***** Records shown

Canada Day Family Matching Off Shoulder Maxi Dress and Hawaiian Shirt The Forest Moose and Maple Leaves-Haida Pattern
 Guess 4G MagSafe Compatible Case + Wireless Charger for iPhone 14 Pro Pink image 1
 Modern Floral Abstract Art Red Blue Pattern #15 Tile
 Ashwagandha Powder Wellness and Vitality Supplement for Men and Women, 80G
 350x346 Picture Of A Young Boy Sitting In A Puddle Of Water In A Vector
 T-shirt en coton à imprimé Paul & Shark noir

**********

## Task to carry out
Count the lines of the material that contain the word "Pattern" and state the resulting number without further remark.

## Response
2